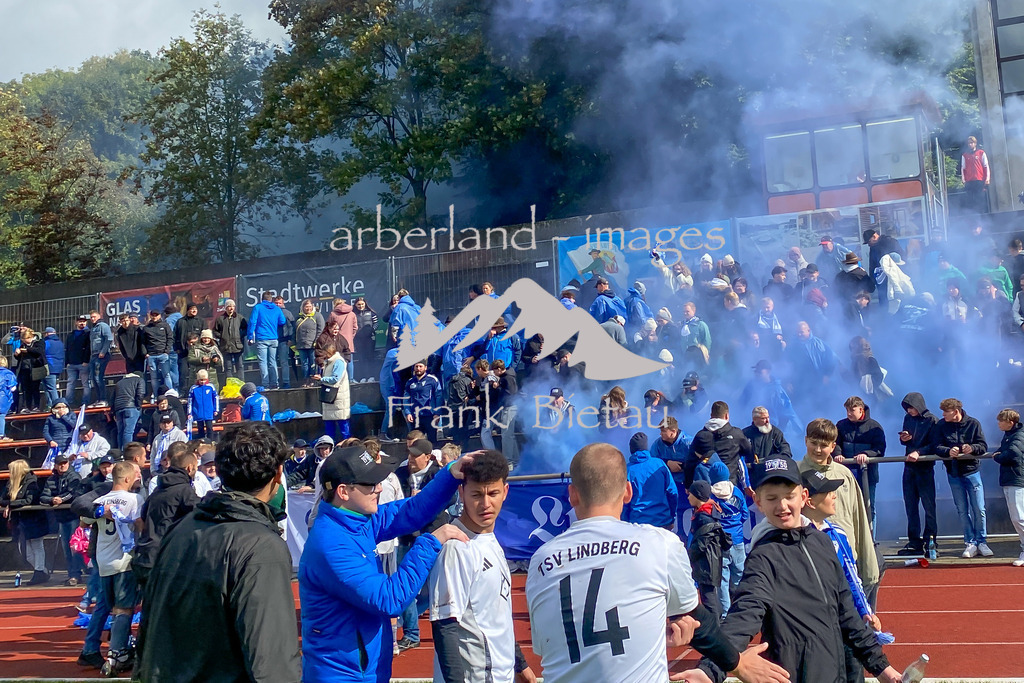 IMG_5320 | Medien- Sport- Entertainmentfotos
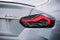 2024 BMW 2 Series M240i xDrive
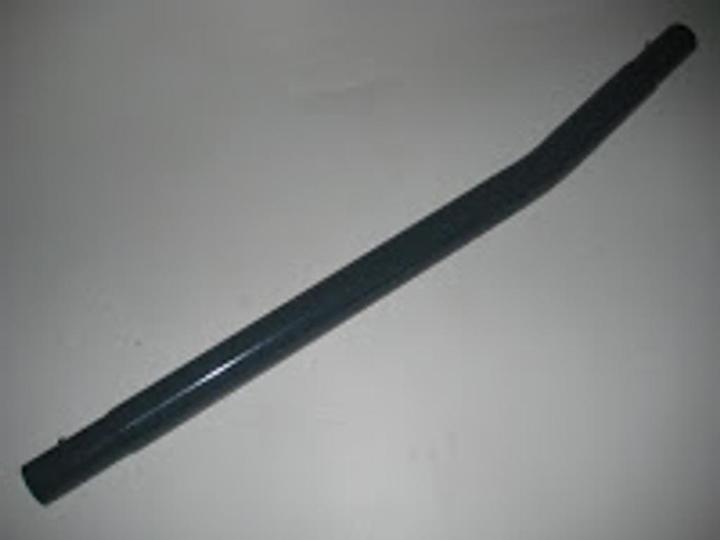 Produktbild Hudora 1 Stange Nr. 11 (EOL)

^^^^^^^^^^^^^^^^

**TASK OBJECTIVE:**
Without altering anything, output all the lines above but none of the images.

**ANSWER BOX:**
 IMG_5320 | Medien- Sport- Entertainmentfotos
 2024 BMW 2 Series M240i xDrive
 Produktbild Hudora 1 Stange Nr. 11 (EOL)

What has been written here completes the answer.